Re: Why no virtual nodes for Cassandra on EC2?
Hi mck, I'm not familiar with this ticket, but my understanding was that performance of Hadoop jobs on C* clusters with vnodes was poor because a given Hadoop input split has to run many individual scans (one for each vnode) rather than just a single scan. I've run C* and Hadoop in production with a custom input format that used vnodes (and just combined multiple vnodes in a single input split) and didn't have any issues (the jobs had many other performance bottlenecks besides starting multiple scans from C*). This is one of the videos where I recall an off-hand mention of the Spark connector working with vnodes: https://www.youtube.com/watch?v=1NtnrdIUlg0 Best regards, Clint On Sat, Feb 21, 2015 at 2:58 PM, mck m...@apache.org wrote: At least the problem of hadoop and vnodes described in CASSANDRA-6091 doesn't apply to spark. (Spark already allows multiple token ranges per split). If this is the reason why DSE hasn't enabled vnodes then fingers crossed that'll change soon. Some of the DataStax videos that I watched discussed how the Cassandra Spark connecter has optimizations to deal with vnodes. Are these videos public? if so got any link to them? ~mck
Re: Why no virtual nodes for Cassandra on EC2?
… my understanding was that performance of Hadoop jobs on C* clusters with vnodes was poor because a given Hadoop input split has to run many individual scans (one for each vnode) rather than just a single scan. I've run C* and Hadoop in production with a custom input format that used vnodes (and just combined multiple vnodes in a single input split) and didn't have any issues (the jobs had many other performance bottlenecks besides starting multiple scans from C*).

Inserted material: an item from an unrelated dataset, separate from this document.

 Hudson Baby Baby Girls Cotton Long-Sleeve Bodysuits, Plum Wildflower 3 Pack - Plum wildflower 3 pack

You've described the ticket, and how it has been solved :-) This is one of the videos where I recall an off-hand mention of the Spark connector working with vnodes: https://www.youtube.com/watch?v=1NtnrdIUlg0 Thanks. ~mck
Re: Why no virtual nodes for Cassandra on EC2?
Vnodes is officially disrecommended for DSE Solr integration (though a small number isn't ruinous). That might be why they still don't enable them by default. On Feb 21, 2015 3:58 PM, mck m...@apache.org wrote: At least the problem of hadoop and vnodes described in CASSANDRA-6091 doesn't apply to spark. (Spark already allows multiple token ranges per split). If this is the reason why DSE hasn't enabled vnodes then fingers crossed that'll change soon. Some of the DataStax videos that I watched discussed how the Cassandra Spark connecter has optimizations to deal with vnodes. Are these videos public? if so got any link to them? ~mck
Re: Why no virtual nodes for Cassandra on EC2?

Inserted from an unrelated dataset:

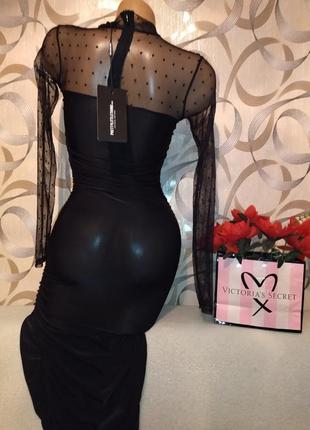 Новое-вечерние черное  платье миди от бренда prettylittlething 42/44р7 фото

DSE 4.6 improved Solr vnode performance dramatically, so that vnodes for Search workloads is now no longer officially discouraged. As per the official doc for improvements, : *Ability to use virtual nodes (vnodes) in Solr nodes. Recommended range: 64 to 256 (overhead increases by approximately 30%)*. A vnode token count of 64 or 32 would reduce that overhead further. And... the new 4.6 feature of being able to direct a Solr query to a specific partition essentially eliminates that overhead entirely. -- Jack Krupansky On Mon, Feb 23, 2015 at 11:23 AM, Eric Stevens migh...@gmail.com wrote: Vnodes is officially disrecommended for DSE Solr integration (though a small number isn't ruinous). That might be why they still don't enable them by default. On Feb 21, 2015 3:58 PM, mck m...@apache.org wrote: At least the problem of hadoop and vnodes described in CASSANDRA-6091 doesn't apply to spark. (Spark already allows multiple token ranges per split). If this is the reason why DSE hasn't enabled vnodes then fingers crossed that'll change soon. Some of the DataStax videos that I watched discussed how the Cassandra Spark connecter has optimizations to deal with vnodes. Are these videos public? if so got any link to them? ~mck
Re: Why no virtual nodes for Cassandra on EC2?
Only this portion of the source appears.